The spatial aspect of our model is mainly reflected in the way the mixture coefficients are spatially regularized. Loosely speaking, this is about modelling spatial “spheres of influence” of our HPM prototypes (spatial fields). Essentially, there are two classes of approaches: 1) the random field approach and 2) the basis function approach. The difference in these two approaches has already been highlighted in the Introduction section. Both our approach and the one presented in Flandin and Penny (2007) are two examples of the 2nd class, but differ subtly. This is because a set of fixed basis functions, i.e. wavelet functions, is used in Flandin and Penny (2007), whereas we estimate those basis functions from the data. The basis functions have a canonical form, namely a three-dimensional Gaussian. The advantage of our approach is that it would allow us to naturally incorporate prior knowledge. Similar problems were encountered in the semi-parametric approach to HRF modelling (Woolrich et al., 2004a), in which non-sensible HRFs could be produced. In Gershman et al. (2011), three-dimensional Gaussians with isotropic covariance matrices are used, which would introduce severe restriction on the shape of “region of influence”. Thus, full covariance matrices are used for the prototypes in our model. An extension to using more complicated spatial basis functions, as those proposed in Friman et al. (2003), is straightforward.

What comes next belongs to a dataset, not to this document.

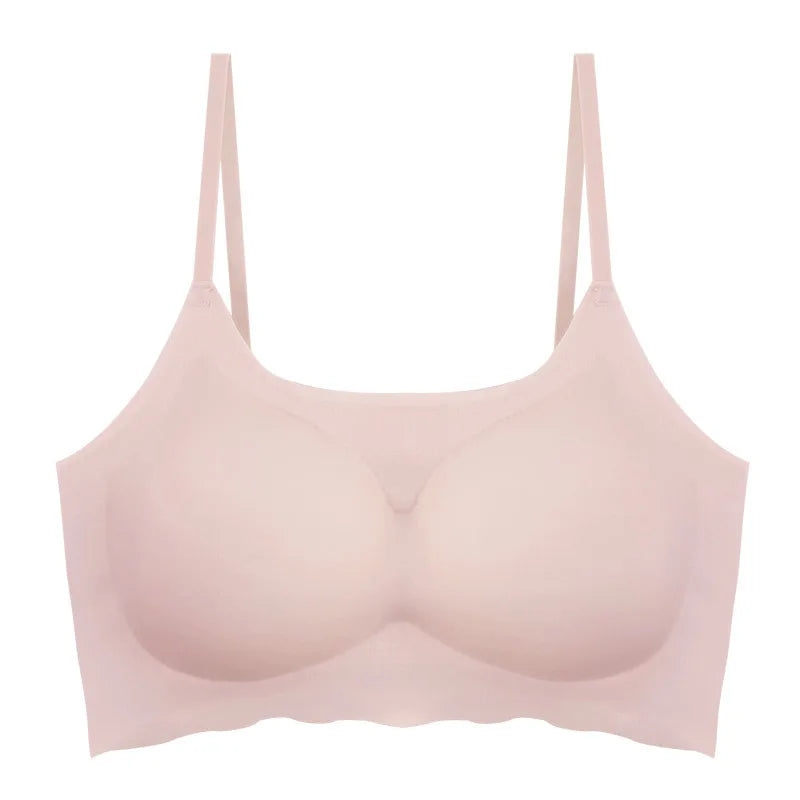 Soutien-gorge sexy pour femmes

Most of the previous fMRI studies have focused on modelling the temporal dynamics of BOLD signals at short time scales while the inter-sessional variability is often considered as a random effect (van Gerven et al., 2008). However, it is of great interest to model this large-scale variability of haemodynamic responses in a more general setting. This would find applications in various areas. Two examples: (1) In cognitive science, it is known that learning changes BOLD signal responses to cognitive tasks (Duff et al., 2007, Mayhew et al., 2012). To understand the neural mechanisms that support improvements due to learning, those changes need to be interpreted consistently and specific hypothesis needs to be tested. (2) In clinical applications, it would be very helpful to select best treatment for individual psychiatric or neurological disorder patients if the brain response to treatment could be tracked and predicted (Guo et al., 2008). In both cases, it is advantageous to develop fMRI models that can account for the temporal correlations between BOLD signal responses across several sessions in a sequence. One challenging problem is how to deal with the increased computational burden. One solution is to select one or several representative voxels for each ROI, as it is often the case for group analysis or meta analysis of fMRI data. However, this may not provide a sufficient characterisation of BOLD signals across a single ROI. In contrast, the spatio-temporal prototypes derived from our fMRI model represent a sparse but yet sufficient characterisation of fMRI data within single ROIs.